People who want fame will do anything for publicity, right? Not always. The Mitrovica Rock School’s 110 students have shunned the media for the past two years, declining interview requests from dozens of reporters. When we did allow press inside the school, all but three students asked to stay unrecognizable. So what is this balancing act between fame and anonymity?
When lead singer Jelena was filmed by the BBC walking down the street on her way to the Rock School with a guitar strapped to her back, the glances of passers-by made her visibly uncomfortable. “Don’t worry,” I said, “they probably just think you’re shooting a music video.” “I wish…” she sighed.
In Europe’s most rigidly divided city, it’s not hard to get press attention. The frozen conflict that has persisted in Mitrovica between ethnic Serbs and Albanians since the end of the Kosovo conflict in 1999 keeps journalists coming, to cover the latest demonstration or outburst of violence and – yes – to write feel-good stories about young people brave enough to form a band with people from the other side.

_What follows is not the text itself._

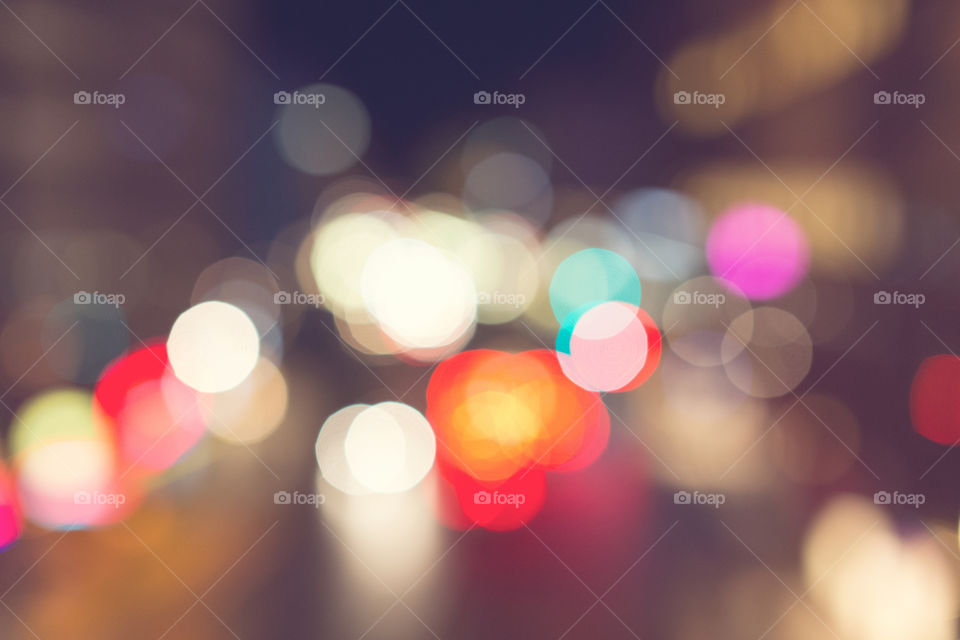 Out of focus view of Kungsgatan in Stockholm. A late night in March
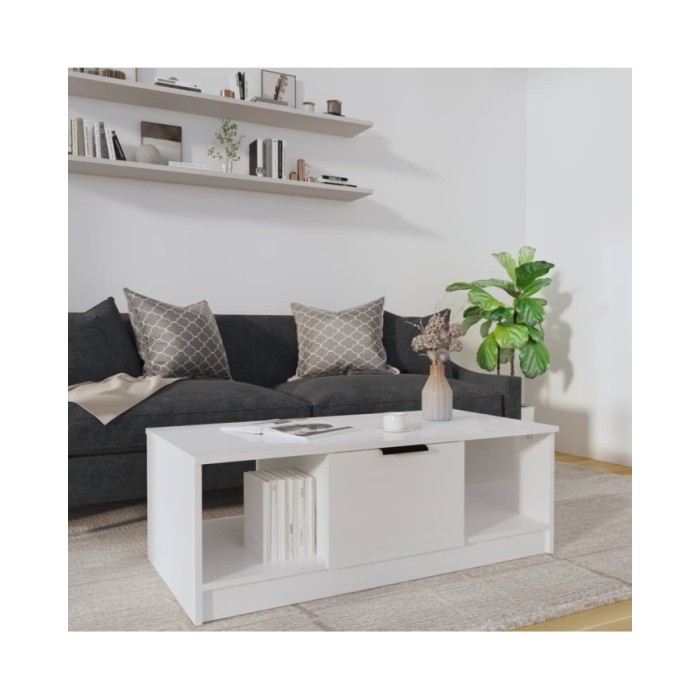 Table basse Blanc brillant 102x50x36 cm Bois d'ingénierie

But in Europe’s most divided city, having a mixed band is not something that gets you ahead. With ethnic nationalism as the mainstream culture on both sides, many consider having friends across the divide tantamount to treason. So understandably, talking on camera about being part of an inter-ethnic project is not high on most students’ wish lists.
This means that dealing with the press is a constant balancing act. Without publicity, we wouldn’t be able to raise the funds we need to keep the Rock School open. And without visibility, our impact would be limited to “just” those 700 youth who have gone through the school since we started in 2008. But too much press attention wears our students out. What self-respecting band gets asked “What do your parents think about you playing with people of a different ethnic group?” or “What do you think about the Brussels Agreement?” all the time, but never about their music? And a press report read by the wrong person is a real security risk.
Still, a few of our students see a shared interest in talking with the press: the Rock School gets publicity, the reporter gets his story, and they gain experience giving interviews, a skill they will need to get ahead as musicians. These students make it possible for us to agree to few reports per year with reporters who are willing to respect their limits.
As someone who has never had to consider her own safety beyond which route to take home at night, I respect these young people no end. Choosing your own path takes guts, and a thousand times so when this means breaking taboos and challenging the status quo.
Wendy Hassler-Forest co-founded the Mitrovica Rock School in 2008, working with local musicians and partners to gain community support. Wendy lived in Mitrovica for two years and now works from Belgrade, Serbia, as MwB’s Rock School Program Manager and Regional Representative.